A V-formation game is a controller-attacker game \(\mathcal {M}\) \(=\) (S, A, T, J, I), where \(S =\{s\,|\, s = \{{\varvec{x}}_i, {\varvec{v}}_i\}_{i=1}^B\}\) is the set of states for a flock of B birds, \(A = C\,{\times }\,D\) with the controller choosing accelerations \(\varvec{a}\in C\) and the attacker choosing displacements \(\varvec{d}\in D\), T and J are given in Eqs. 9 and 8, respectively.

We define several classes of attackers, including those that in one move can remove a small number R of birds from the flock, or introduce random displacement (perturbation) into the flock dynamics, again by selecting a small number of victim agents. We consider both naive attackers, whose strategies are purely probabilistic, and AMPC-enabled attackers, putting them on par strategically with the controller. The architecture of a V-formation game with an AMPC-enabled attacker is shown in Fig. 8.

Fig. 8.
figure 8

Controller-Attacker Game Architecture. The controller and the attacker use randomized strategies \(\sigma _C\) and \(\sigma _D\) to choose actions c(t) and d(t) based on dynamics \(f_1 = f(s(t),c(t),0)\) and \(f_2 = f(s(t), 0, d(t))\), respectively, where s(t) is the state at time t, and f is the dynamics of the plant model. The controller tries to minimize the cost J, while the attacker tries to maximize it.

While an AMPC-enabled controller is expected to win every game with probability 1, in practice, it is resource-constrained: its maximum prediction horizon and the maximum number of execution steps are fixed in advance. Under these conditions, an attacker has a much better chance of winning a V-formation game.

In Sect. 5, we presented a procedure for synthesizing plans (sequences of actions) that take an MDP to a desired set of states (defining a V-formation). The procedure adaptively varied the settings of various parameters of an underlying optimization routine. Since we did not consider any adversary or noise, there was no need for a control algorithm. Here we consider V-formation in the presence of attacks, and hence we developed a generic adaptive control procedure, AMPC, and evaluate its resilience to attacks.

Our extensive performance evaluation of V-formation games uses statistical model checking to estimate the probability that an attacker can thwart the controller. Our results show that for the bird-removal game with 1 bird being removed, the controller almost always wins (restores the flock to a V-formation). When 2 birds are removed, the game outcome critically depends on which two birds are removed. For the displacement game, our results again demonstrate that an intelligent attacker, i.e. one that uses AMPC in this case, significantly outperforms its naive counterpart that randomly carries out its attack.

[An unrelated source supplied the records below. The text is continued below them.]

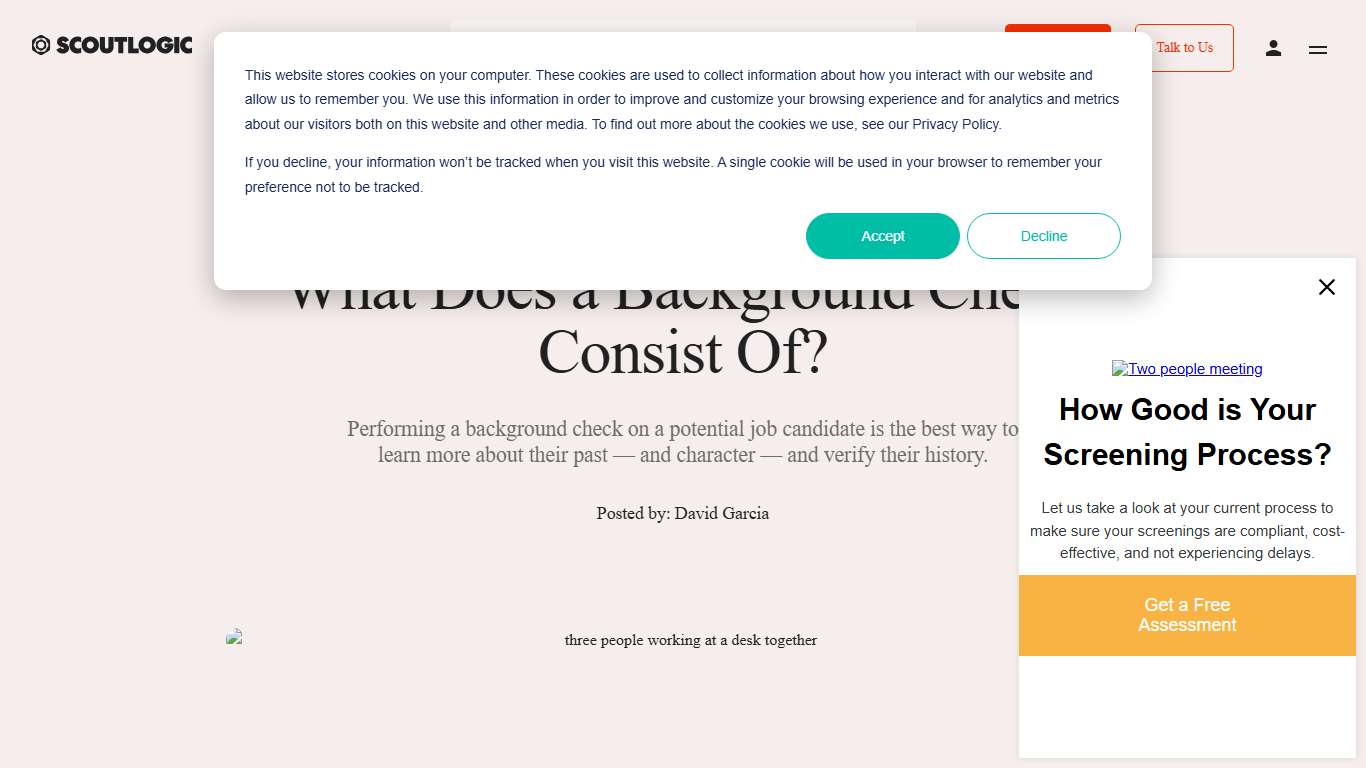 What Does a Background Check Consist Of? - ScoutLogic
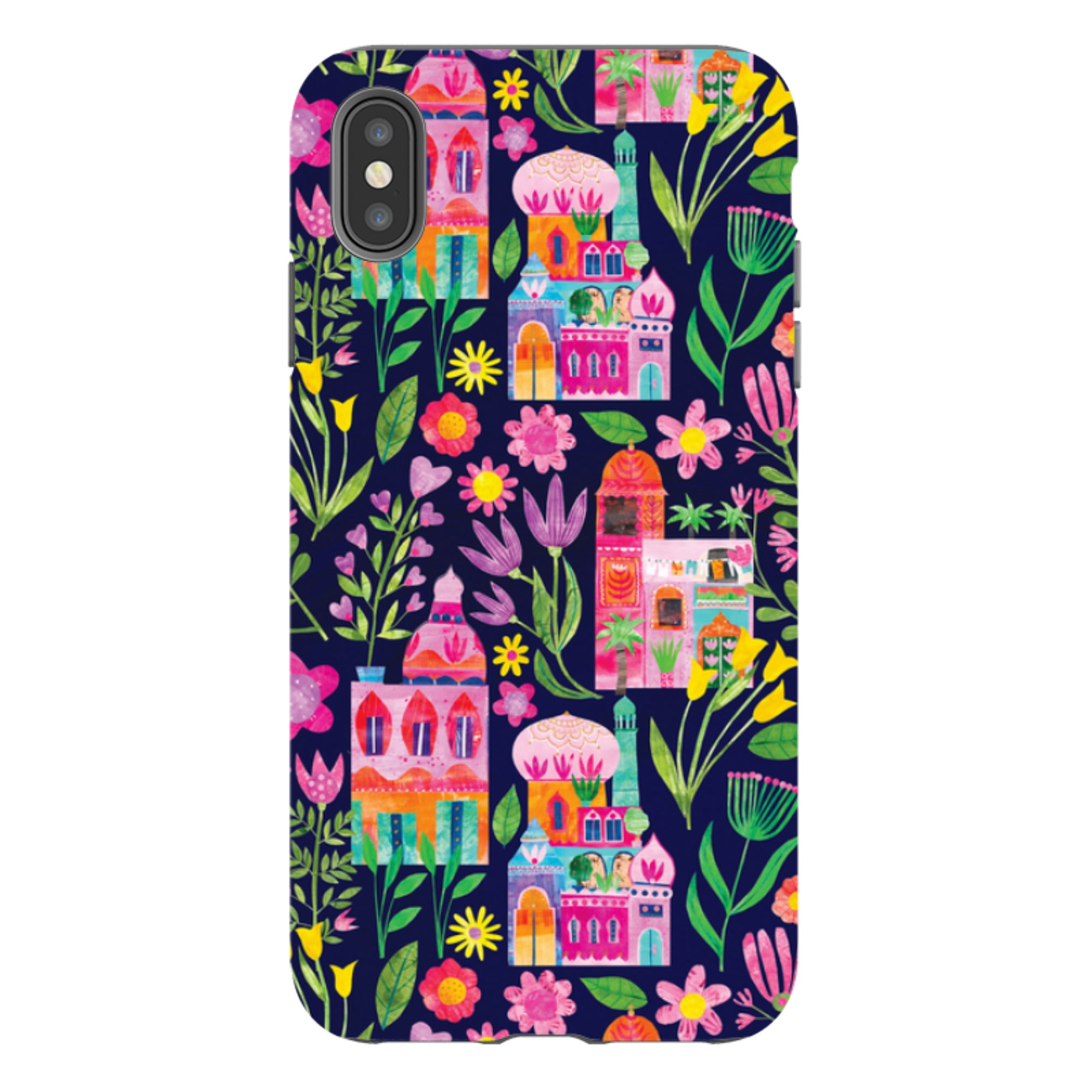 iPhone Tough Case - Indian Summer Dark By Tracey English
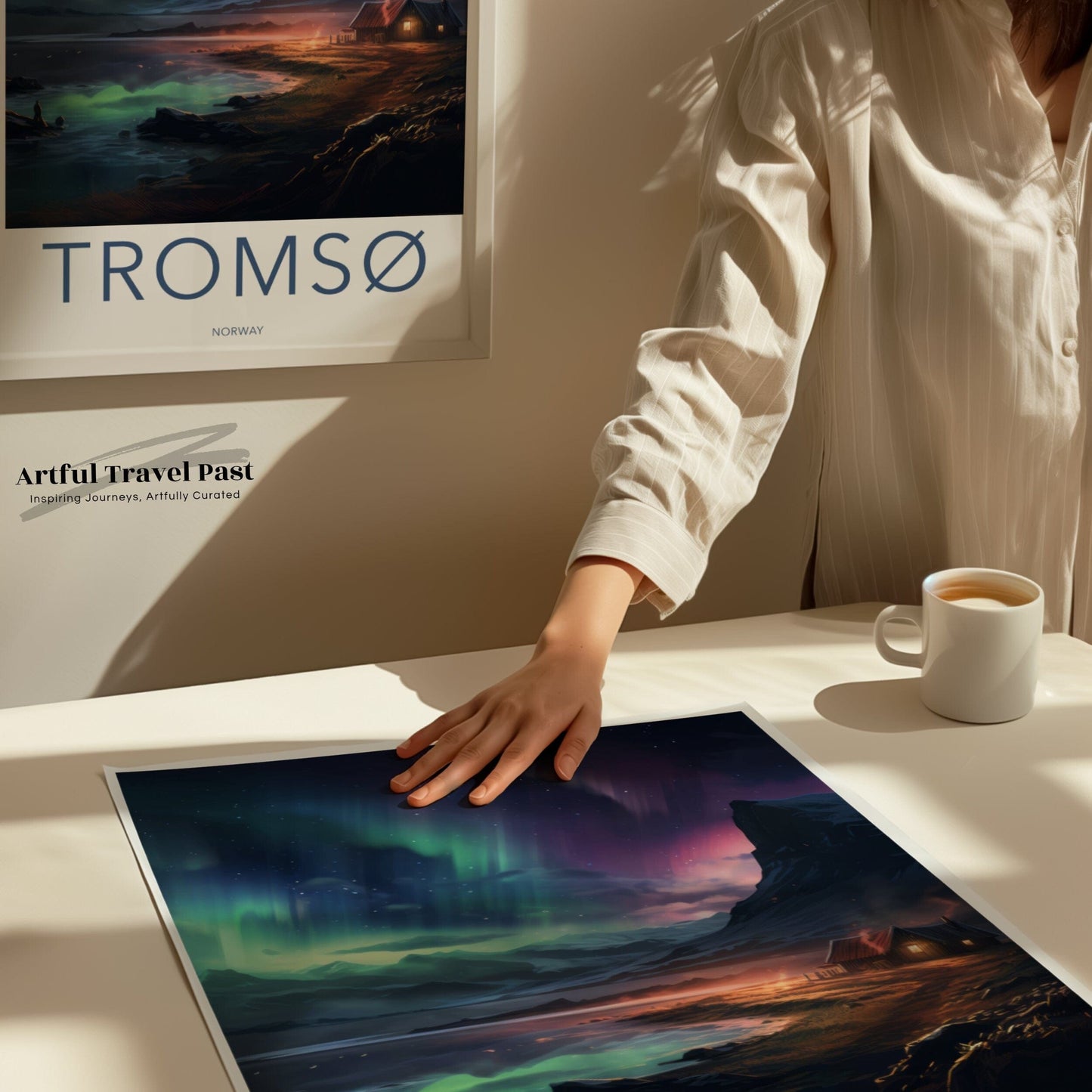 Tromsø Poster | Nordic Aurora Borealis | Norway Wall Art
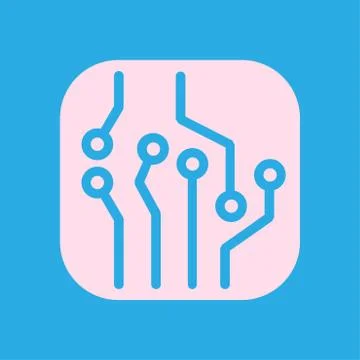 Microchip sign symbol Stock Illustration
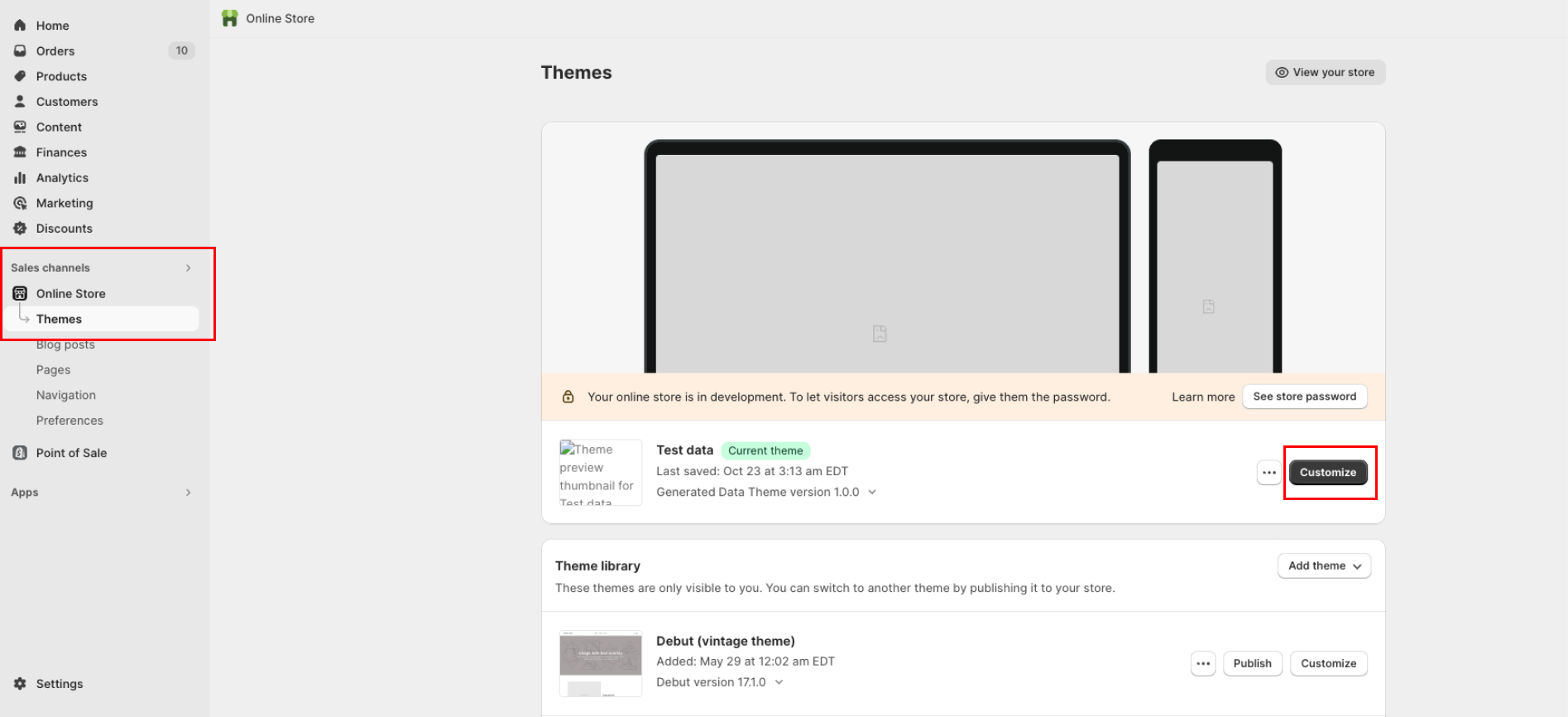Shopify Editor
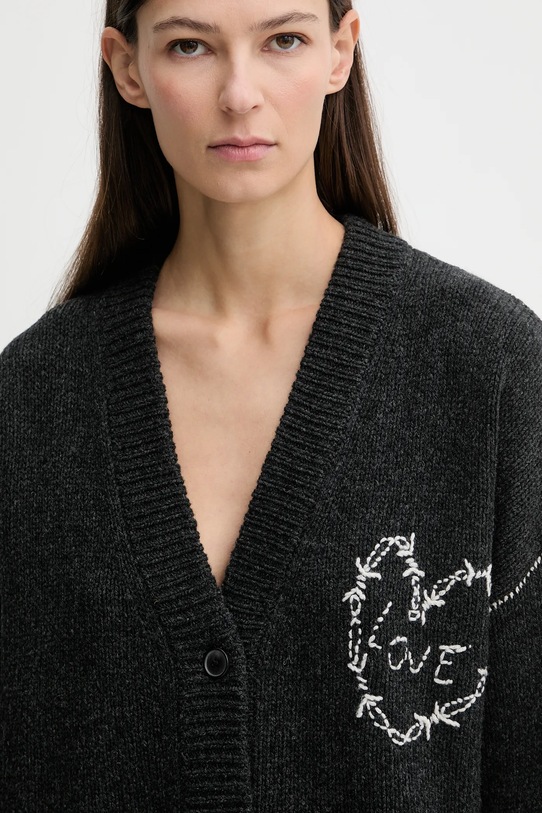 ZADIG&VOLTAIRE kardigan wełniany szary KWCA01667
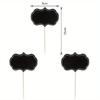 24Pcs Blank Chalkboard Cupcake Topper Food Buffet Label Signs Dessert Cake Topper Toothpick Wedding Party Decorations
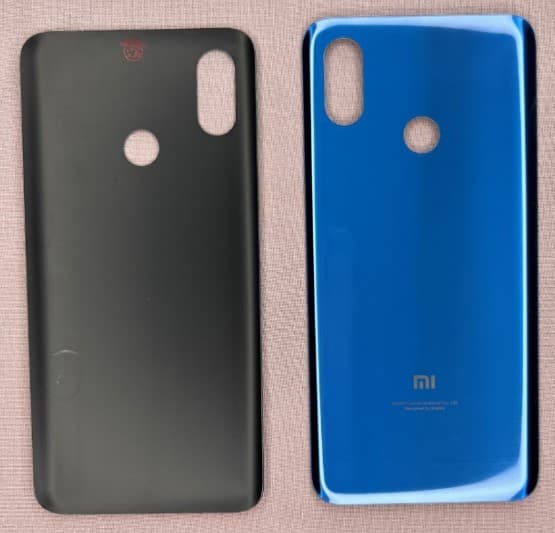 Задняя крышка для Xiaomi Mi 8 (Синий), артикул 02353 — запчасть GSM28.RU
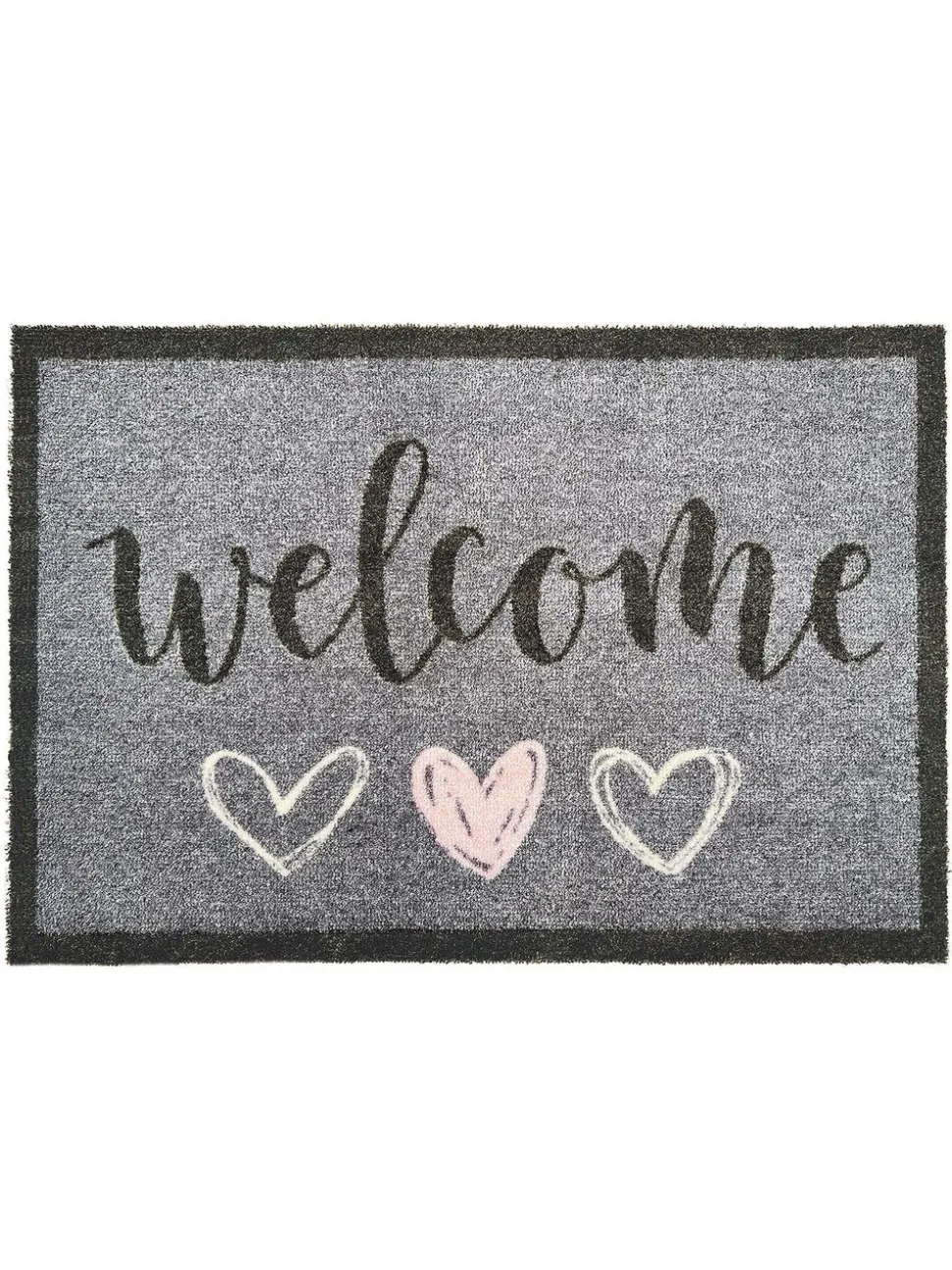 My Mat Welcome Hearts Mat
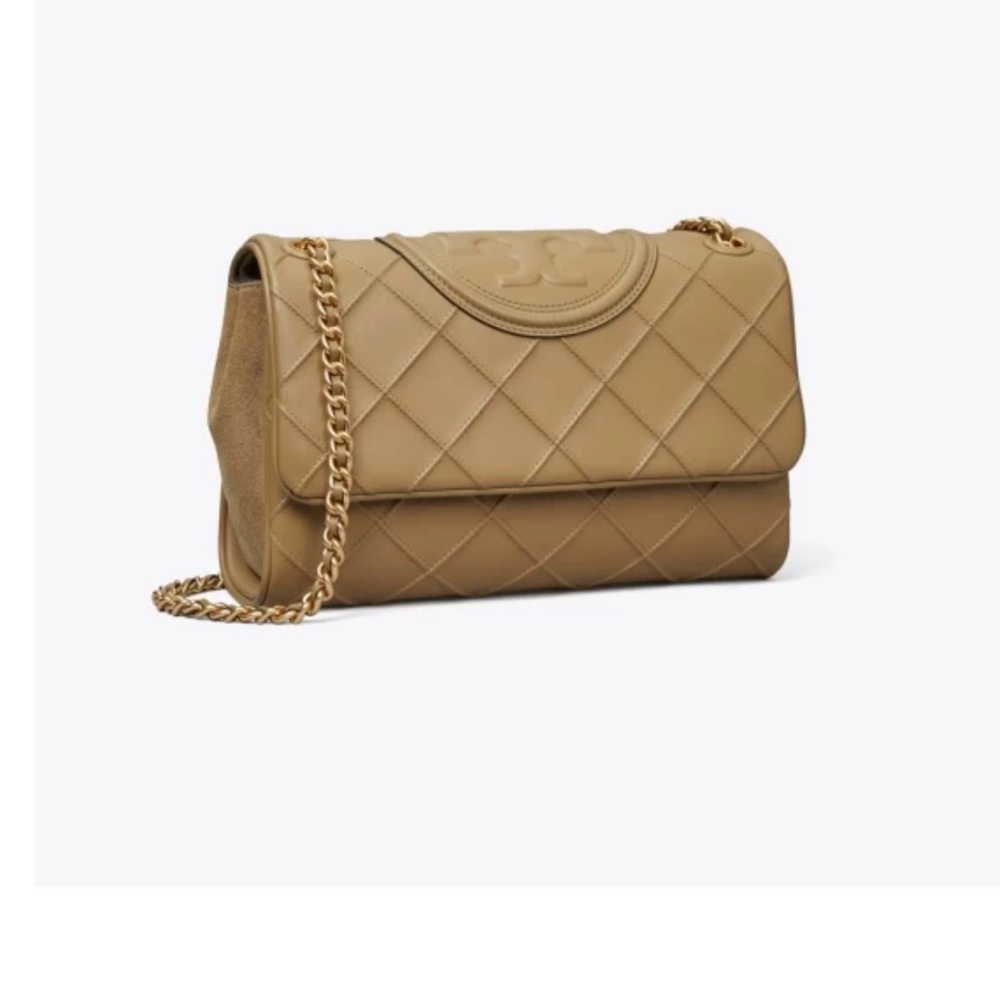 Tory Burch Tan Quilted Women's Bag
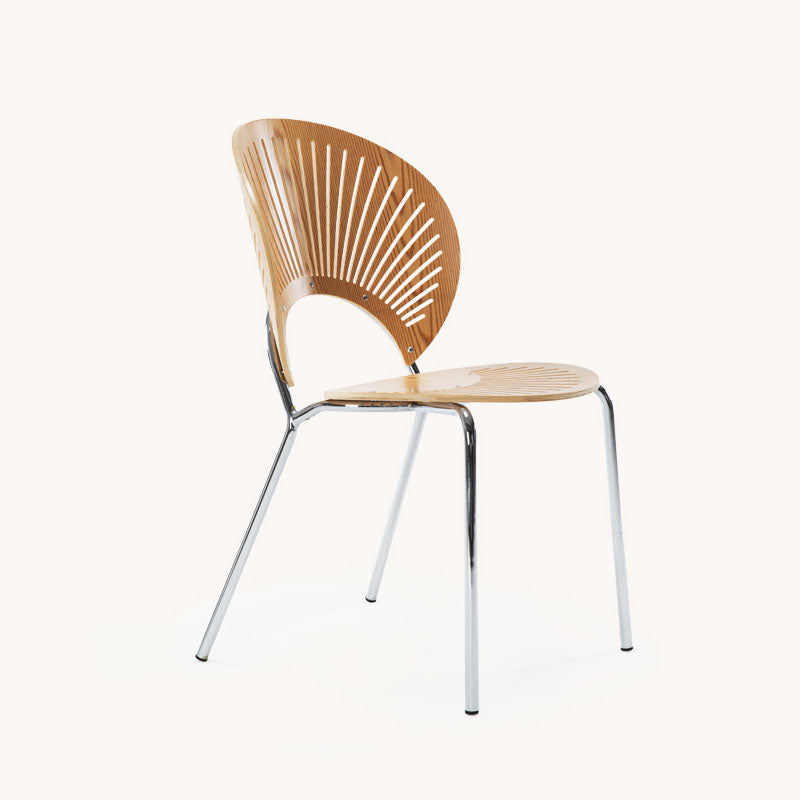 Modern Style Dining Chair Wooden Open Back Side Chair for Dining Room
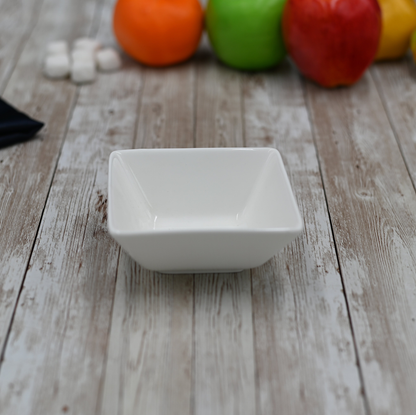 Wilmax White Porcelain Square Dish, 4 x 3.75 in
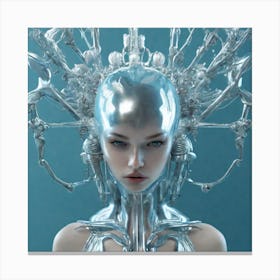 Futuristic Woman 108 Canvas Print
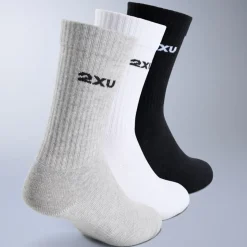Cotton Crew Socks 3-Pack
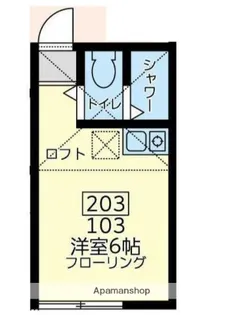 ユナイト東門前バルザック【2階】の間取り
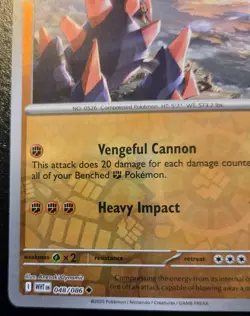Gigalith 048/086 Reverse Holo Uncommon Scarlet & Violet: White Flare Pokemon TCG - Image 4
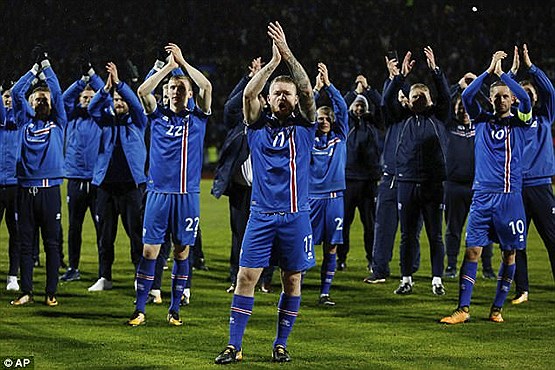 تصاویری از صعود ایسلند به جام جهانی رسید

Traditional feedback control is, by design, resilient to noise, and also certain kinds of attacks; as our results show, however, it may not be resilient against smart attacks. Adaptive-horizon control helps to guard against a larger class of attacks, but it can still falter due to limited resources. Our results also demonstrate that statistical model checking represents a promising approach toward the evaluation of CPS resilience against a wide range of attacks.

7 Conclusions

The field of Statistical Model Checking (SMC) is now more than 15 years old, and has experienced significant theoretical and practical development during this time. In this chapter, we have presented a review of SMC as an efficient technique for the model checking of stochastic systems, and presented three algorithms representing both the quantitative and qualitative versions of SMC. We also discussed one of the major challenges facing the SMC approach, namely the treatment of rare events. Taking advantage of sequential Monte Carlo methods, we presented efficient procedures for rare-event probability estimation, and illustrated their utility via our implementation in Plasma. We further demonstrated the applicability of the SMC-inspired rare-event approach to tackling plan- and control-synthesis problems for stochastic systems. Looking forward, there are a wealth of challenges facing the SMC community, such as the verification of cyber-physical systems, where SMC can play a crucial role in developing robust and efficient algorithms.